All Company Department Chiefs, Coordinators and Employees will receive a copy of the Code of Conduct upon admittance into the Company, and will also receive regular updates. Any individual being hired by the Company shall receive this Code of Conduct and must fully understand all the obligations derived from it.
The General Manager must review and approve in writing for any circumstance that may require special permission as it is described in the Code of Conduct. The Company must keep and maintain records of such approvals.
All Employees must take all the responsible measures to impede a violation to the Code of Conduct and may report violations in an anonymous manner if they wish. Any Employee that may have witnessed a violation to the present Code of Conduct and does not report it will be sanctioned in accordance to the Code of Conduct and to the General Manager’s discretion.
It is the General Manager’s responsibility to administer the Code of Conduct, investigate any violations thereof, and determine all corrective and/or disciplinary actions to take. The General Manager will regularly inform of all Code of Conduct violations and the corrective and disciplinary actions taken.
It is every Employee’s responsibility to guarantee the full compliance of all dispositions of this Code of Conduct, and to request assistance in case of any doubts. “Doing the Right Thing” and guaranteeing the highest possible integrity standards is the personal responsibility of each and every Employee, and cannot be delegated.
Any non-compliance to the Code of Conduct will make way to disciplinary actions, including the possibility of employment termination and, in the event of an extreme provable case, the pursue of legal actions.
SIGNATURE AND ACKNOWLEDGEMENT
All newly admitted Employees must sign a letter of commitment, in which they acknowledge that they have read the Code of Conduct and understand its dispositions. Omitting to read the Code of Conduct, and/or not signing the letter of commitment, does not excuse the Employee to comply with the terms and conditions of the Code of Conduct.
DEPENDS ON YOU
Compliance to the Code of Conduct is everyone’s responsibility. You will have fellow co-workers that will assist you to do the right thing. If you act with integrity and seek support when you are not sure, you will be doing the right thing. If there is any doubt in regards to the permission of certain activities, you must consult with your immediate supervisor and/or General Manager.
THE CODE OF CONDUCT IN THE REAL LIFE
The Action: An Administrative Assistant’s husband is the owner of an office stationery company, which has lower prices than any other competing company. One of the Assistant’s responsibilities in the Company is to order and purchase office stationery, so she took the liberty to request such items from her husband’s company. Nevertheless, the Assistant did not request the General Manager’s approval previous to the transaction with a family member.
The Decision: The Assistant violated the Company’s Code of Conduct. A Manager must previously approve any operation in which an Employee has a financial interest. The assistant was subject to a disciplinary measure.
The Action: Two Employees had dinner during a business trip. One of them paid for the dinner and the Company reimbursed the expense. The other Employee took a duplicated receipt and turned in an expense report for money that he did not spend.

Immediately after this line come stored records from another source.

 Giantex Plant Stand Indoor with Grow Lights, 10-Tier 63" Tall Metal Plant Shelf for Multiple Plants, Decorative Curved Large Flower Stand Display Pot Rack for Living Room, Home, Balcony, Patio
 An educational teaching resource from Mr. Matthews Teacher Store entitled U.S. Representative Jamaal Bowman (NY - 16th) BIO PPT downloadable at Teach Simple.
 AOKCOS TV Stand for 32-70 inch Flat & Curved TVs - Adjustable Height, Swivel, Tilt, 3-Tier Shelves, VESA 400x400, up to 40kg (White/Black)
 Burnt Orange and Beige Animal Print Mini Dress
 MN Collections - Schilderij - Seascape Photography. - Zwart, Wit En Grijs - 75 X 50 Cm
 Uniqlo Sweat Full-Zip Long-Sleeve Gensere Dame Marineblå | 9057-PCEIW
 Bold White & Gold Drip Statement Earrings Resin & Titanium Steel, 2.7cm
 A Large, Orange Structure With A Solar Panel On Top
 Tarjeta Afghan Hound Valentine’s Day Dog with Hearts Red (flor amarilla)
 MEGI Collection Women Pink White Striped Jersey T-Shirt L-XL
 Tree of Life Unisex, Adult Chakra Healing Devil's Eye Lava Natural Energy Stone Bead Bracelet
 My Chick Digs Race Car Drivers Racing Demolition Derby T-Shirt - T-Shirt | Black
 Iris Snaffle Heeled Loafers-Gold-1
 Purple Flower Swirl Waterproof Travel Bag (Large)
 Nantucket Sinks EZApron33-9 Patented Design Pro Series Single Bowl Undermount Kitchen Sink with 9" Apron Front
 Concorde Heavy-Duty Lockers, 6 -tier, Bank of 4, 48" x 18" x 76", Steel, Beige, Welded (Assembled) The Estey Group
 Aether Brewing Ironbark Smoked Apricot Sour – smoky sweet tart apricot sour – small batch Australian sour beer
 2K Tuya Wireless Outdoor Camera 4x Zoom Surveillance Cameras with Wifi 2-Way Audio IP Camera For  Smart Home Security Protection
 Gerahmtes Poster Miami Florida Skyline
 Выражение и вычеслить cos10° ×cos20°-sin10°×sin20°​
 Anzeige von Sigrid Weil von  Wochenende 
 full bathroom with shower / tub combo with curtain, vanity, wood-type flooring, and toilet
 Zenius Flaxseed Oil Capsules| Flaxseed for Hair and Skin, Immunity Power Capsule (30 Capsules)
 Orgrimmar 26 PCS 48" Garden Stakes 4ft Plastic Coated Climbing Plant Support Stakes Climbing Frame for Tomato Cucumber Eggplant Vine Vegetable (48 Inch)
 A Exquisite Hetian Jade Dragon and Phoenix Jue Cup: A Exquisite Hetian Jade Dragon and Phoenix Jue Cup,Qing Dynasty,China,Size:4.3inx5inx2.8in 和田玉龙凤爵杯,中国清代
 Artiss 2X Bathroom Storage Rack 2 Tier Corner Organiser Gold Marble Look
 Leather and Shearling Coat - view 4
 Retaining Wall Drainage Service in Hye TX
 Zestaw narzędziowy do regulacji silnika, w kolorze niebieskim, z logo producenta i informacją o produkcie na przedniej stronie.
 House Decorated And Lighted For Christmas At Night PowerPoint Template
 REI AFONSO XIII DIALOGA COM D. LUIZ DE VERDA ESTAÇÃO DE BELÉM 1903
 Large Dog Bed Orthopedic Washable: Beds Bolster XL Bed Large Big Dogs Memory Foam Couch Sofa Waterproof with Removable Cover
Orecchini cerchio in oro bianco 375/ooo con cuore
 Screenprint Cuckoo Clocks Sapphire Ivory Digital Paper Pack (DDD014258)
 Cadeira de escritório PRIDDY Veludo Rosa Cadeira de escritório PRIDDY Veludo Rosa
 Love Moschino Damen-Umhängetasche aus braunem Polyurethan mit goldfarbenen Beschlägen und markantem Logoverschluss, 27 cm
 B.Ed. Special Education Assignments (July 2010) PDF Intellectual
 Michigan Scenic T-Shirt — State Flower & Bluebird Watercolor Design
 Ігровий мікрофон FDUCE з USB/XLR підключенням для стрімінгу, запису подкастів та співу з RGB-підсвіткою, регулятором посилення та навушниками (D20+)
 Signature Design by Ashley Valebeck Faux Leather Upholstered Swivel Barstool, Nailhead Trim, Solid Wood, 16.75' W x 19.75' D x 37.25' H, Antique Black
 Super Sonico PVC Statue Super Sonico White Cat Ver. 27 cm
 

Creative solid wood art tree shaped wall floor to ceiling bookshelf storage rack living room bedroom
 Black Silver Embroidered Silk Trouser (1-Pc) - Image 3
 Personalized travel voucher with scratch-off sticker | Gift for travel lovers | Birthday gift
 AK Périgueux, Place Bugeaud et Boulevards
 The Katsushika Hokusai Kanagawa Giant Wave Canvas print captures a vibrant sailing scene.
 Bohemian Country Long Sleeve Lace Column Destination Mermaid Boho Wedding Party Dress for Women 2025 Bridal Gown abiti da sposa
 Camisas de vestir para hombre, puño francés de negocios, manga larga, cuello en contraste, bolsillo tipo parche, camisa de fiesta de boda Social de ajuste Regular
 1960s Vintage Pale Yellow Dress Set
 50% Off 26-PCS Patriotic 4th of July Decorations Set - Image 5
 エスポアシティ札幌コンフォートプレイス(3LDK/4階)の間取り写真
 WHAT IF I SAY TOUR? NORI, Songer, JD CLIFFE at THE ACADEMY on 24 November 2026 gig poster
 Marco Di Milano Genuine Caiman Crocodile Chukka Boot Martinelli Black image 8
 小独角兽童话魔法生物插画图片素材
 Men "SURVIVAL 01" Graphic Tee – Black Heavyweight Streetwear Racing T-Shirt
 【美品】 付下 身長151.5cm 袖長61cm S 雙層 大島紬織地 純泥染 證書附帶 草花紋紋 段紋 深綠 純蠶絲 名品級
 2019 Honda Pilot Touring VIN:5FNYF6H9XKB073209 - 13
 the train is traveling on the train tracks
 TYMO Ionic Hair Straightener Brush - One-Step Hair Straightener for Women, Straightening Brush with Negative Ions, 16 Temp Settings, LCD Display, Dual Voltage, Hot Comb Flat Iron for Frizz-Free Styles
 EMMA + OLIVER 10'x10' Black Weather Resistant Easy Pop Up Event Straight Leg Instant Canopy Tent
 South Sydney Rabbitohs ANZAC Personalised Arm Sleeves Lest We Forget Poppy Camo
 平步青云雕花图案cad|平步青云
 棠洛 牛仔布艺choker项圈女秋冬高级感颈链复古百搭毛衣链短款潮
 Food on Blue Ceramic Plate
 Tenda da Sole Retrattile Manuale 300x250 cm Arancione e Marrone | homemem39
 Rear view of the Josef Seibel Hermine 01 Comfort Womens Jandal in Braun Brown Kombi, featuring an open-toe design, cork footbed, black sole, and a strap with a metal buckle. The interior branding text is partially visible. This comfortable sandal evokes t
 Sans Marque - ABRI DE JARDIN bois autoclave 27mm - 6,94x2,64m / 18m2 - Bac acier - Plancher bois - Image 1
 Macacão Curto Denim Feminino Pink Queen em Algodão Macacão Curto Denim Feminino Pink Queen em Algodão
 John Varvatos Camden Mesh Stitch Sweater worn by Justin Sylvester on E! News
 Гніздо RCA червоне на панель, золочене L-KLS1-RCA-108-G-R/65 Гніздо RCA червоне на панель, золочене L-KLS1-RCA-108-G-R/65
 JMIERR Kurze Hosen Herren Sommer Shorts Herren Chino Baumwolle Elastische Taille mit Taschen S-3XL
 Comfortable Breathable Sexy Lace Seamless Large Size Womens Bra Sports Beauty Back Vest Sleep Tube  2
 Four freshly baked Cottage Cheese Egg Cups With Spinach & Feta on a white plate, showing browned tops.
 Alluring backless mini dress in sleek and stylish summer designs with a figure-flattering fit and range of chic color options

The Decision: The second Employee was terminated from the Company. He did not pay for the dinner, which constitutes theft from the Company.
The Action: A Department Manager requested to some Suppliers to delay the delivery of receipts to pay until the following year for goods that have already been received. He did this in order to remain within his allowed annual budget for his department.
The Decision: An Employee in the same department became aware of the delay request and that it constituted a violation to the Code of Conduct. The Employee reported the event to the Ethics and Compliance Office. The Employee acted correctly.
The Action: A Client requested to a Sales Agent to alter a receipt. The Client wanted the receipt to reflect a higher price than what was actually paid, and that it was shipped to a country other than where it was actually delivered. The Client stated that he would no longer purchase from the Company unless the Sales Agent agreed to falsify the receipt.
The Decision: The Sales Agent knew that the request was a violation of the Code of Conduct and refused to play into the Client’s request. The Sales Agent reported the circumstances to his Supervisor. The Sales Agent acted correctly.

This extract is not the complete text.